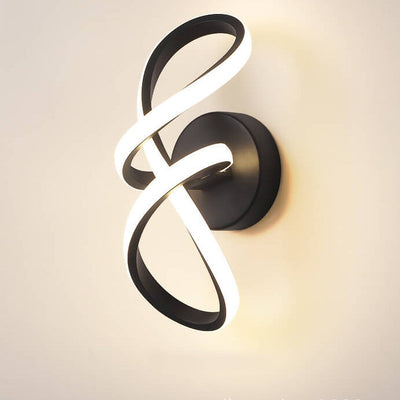 Lampe murale LED en aluminium de forme simple et torsadée nordique 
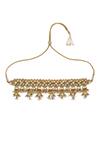Buy_MAISARA JEWELRY_Gold Plated Kundan Embellished Choker Set _Online_at_Aza_Fashions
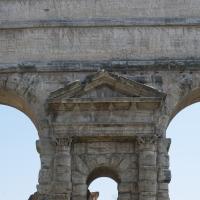 Porta Maggiore - View of the central pediment of Porta Maggiore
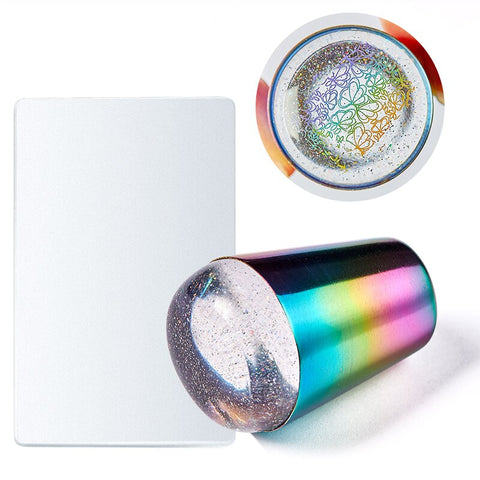 1PC Striped Line Stamping Plates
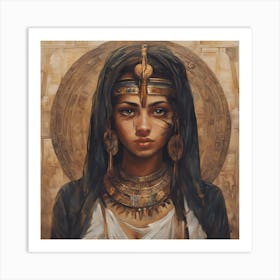 The face of a strong girl Art Print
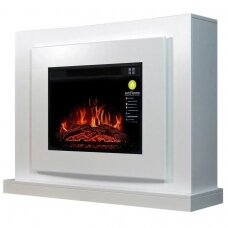 ARFLAME LUCCA AFS23S WHITE BIANCO free standing electric fireplace
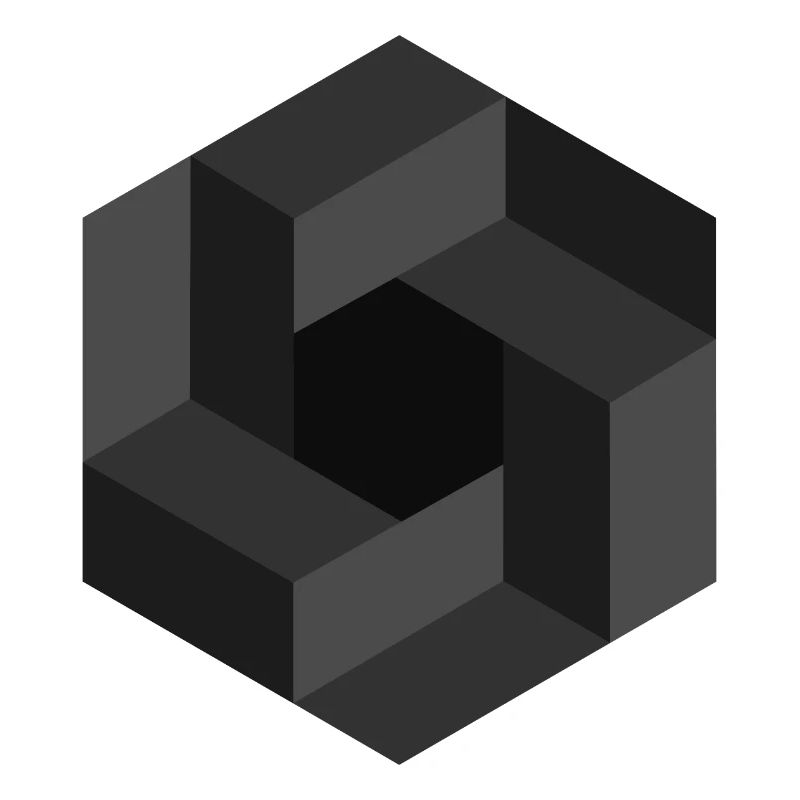 Abstract Geometric Pattern in Grayscale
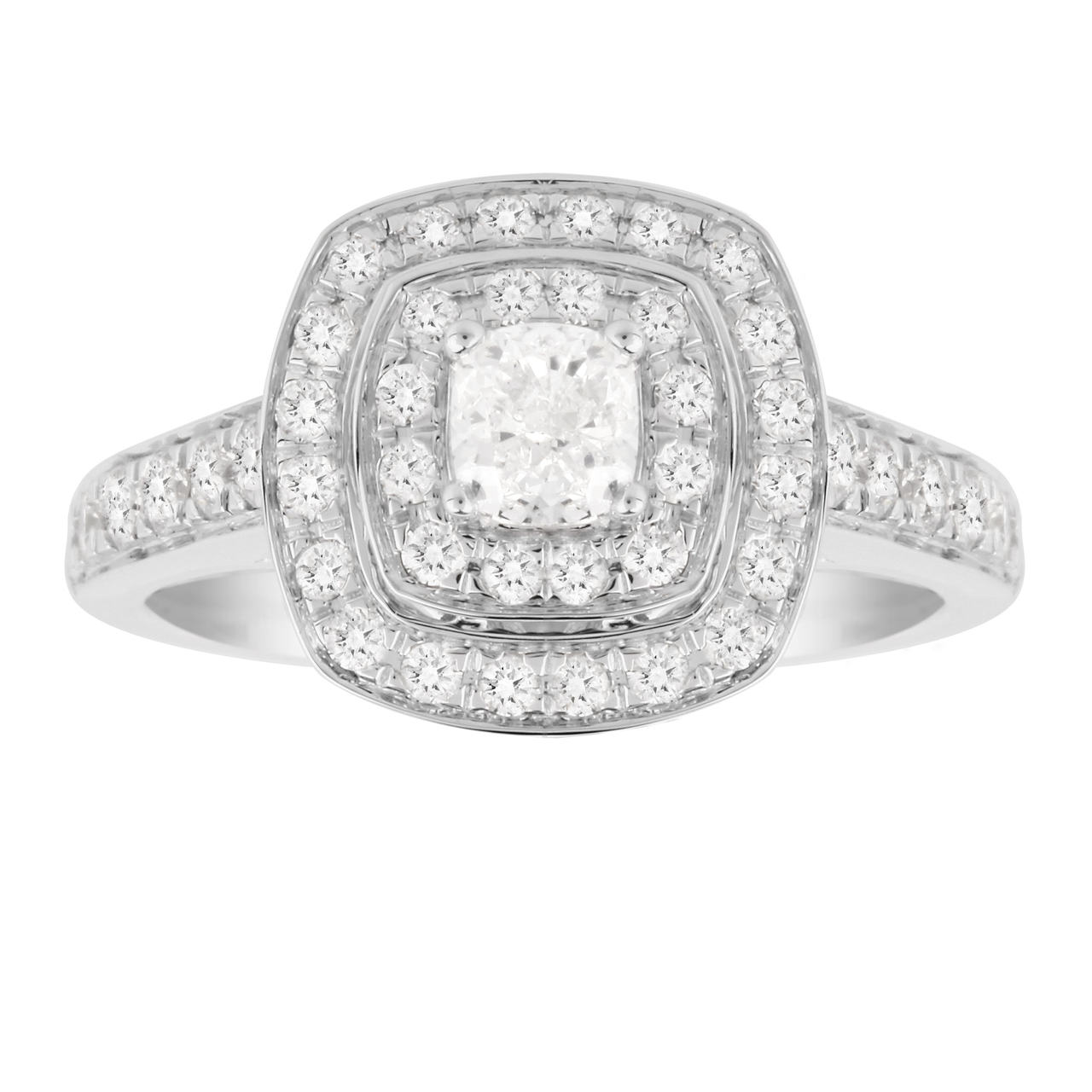 Jenny Packham Cushion Cut 1.20 Carat Total Weight Double ... Reviews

What you are asked to do:
Without the pictures, copy the material exactly as given.

Answer for the task:
 Lampe murale LED en aluminium de forme simple et torsadée nordique 
Buy_MAISARA JEWELRY_Gold Plated Kundan Embellished Choker Set _Online_at_Aza_Fashions
 Porta Maggiore - View of the central pediment of Porta Maggiore
 1PC Striped Line Stamping Plates
 The face of a strong girl Art Print
 ARFLAME LUCCA AFS23S WHITE BIANCO free standing electric fireplace
 Abstract Geometric Pattern in Grayscale
 Jenny Packham Cushion Cut 1.20 Carat Total Weight Double ... Reviews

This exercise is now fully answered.